The following scripts are available and can be used in the form of npm run [script_name]:

  • develop - This is the script to run when you are actively developing your React app. This will run the webpack dev server in development mode with fast refresh so you can save your changes and see them in real time without refreshing your app.

  • build:dev - Creates a development build of your React app output to the build folder at the root directory.

  • build:prod - Creates a production build of your React app output to the build folder at the root directory. This will minify bundles and purge unused classes from your code to create the smallest build possible.
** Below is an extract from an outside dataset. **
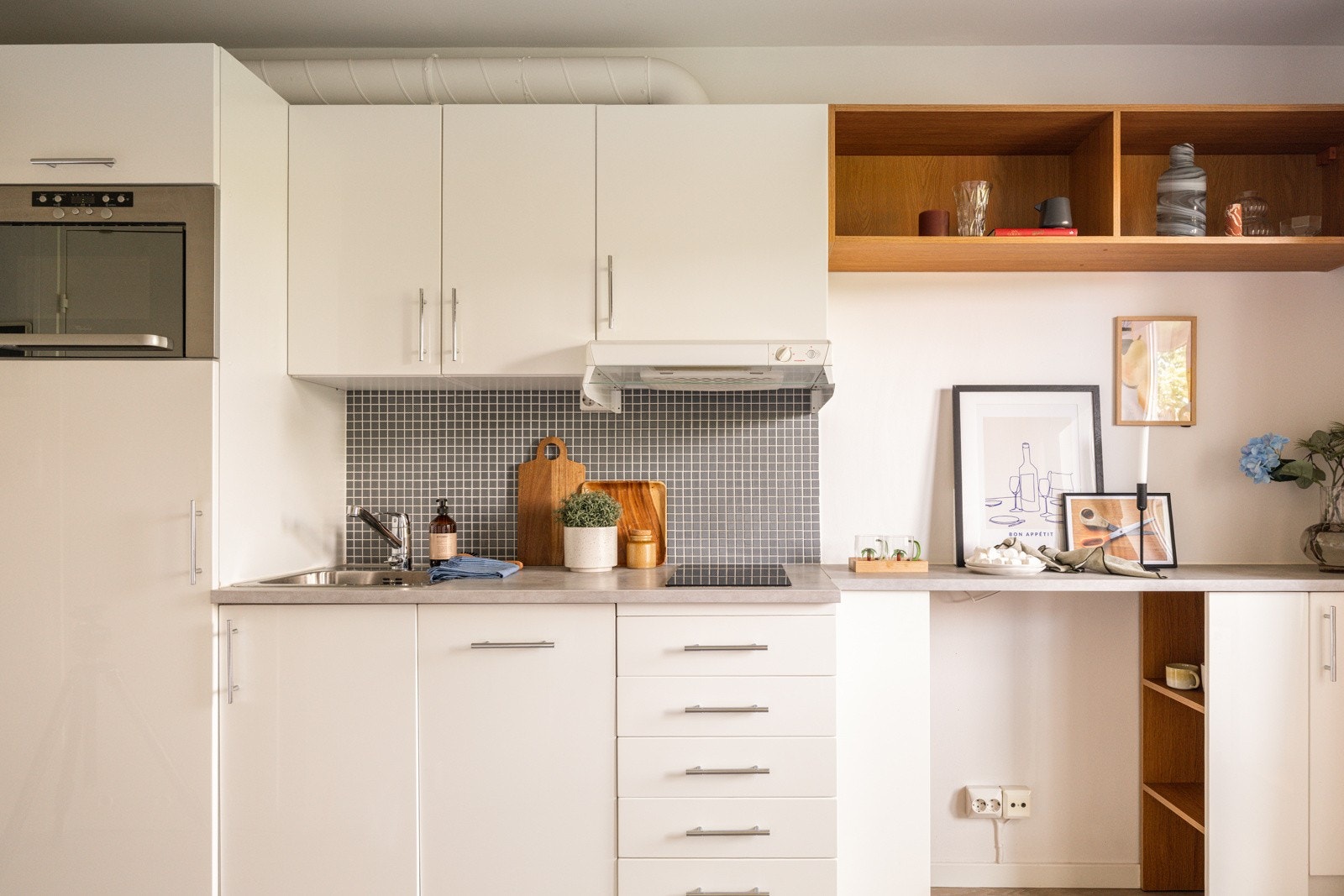 Lys og pen kjøkkeninnredning fra 2008 med hvite glatte fronter og laminert benkeplate med nedfelt oppvaskkum. Galleribilde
  • analyze:dev - Runs the Webpack bundle analyzer and provides you with a link that you can use to see what packages your Webpack bundle consists of.

  • analyze:prod - Runs the Webpack bundle analyzer but in production mode which will minify scripts first and then provides you with a link that you can use to see what packages your Webpack bundle consists of.

GitHub Actions

The workflow at .github/workflows/build.yml will run whenever a pull request is made.

This action will install the dependencies and attempt to create a production build of the React app.

More actions are planned to be added for deployment of the app.

Keeping Up To Date With Template Changes

This template will be updated when dependencies need updating, new packages are added, and new or better concepts are found. To keep up with changes you might want from the template:

  1. Add the template repository as a remote:
git remote add template git@github.com:robertcorponoi/react-template.git
  1. Fetch the changes:
git fetch --all
  1. Merge the changes from the main branch of the template repository:
git merge template/main

Dependabot

This template uses Dependabot to automatically update out of date packages. The configuration for depedabot can be found at .github/dependabot.yml.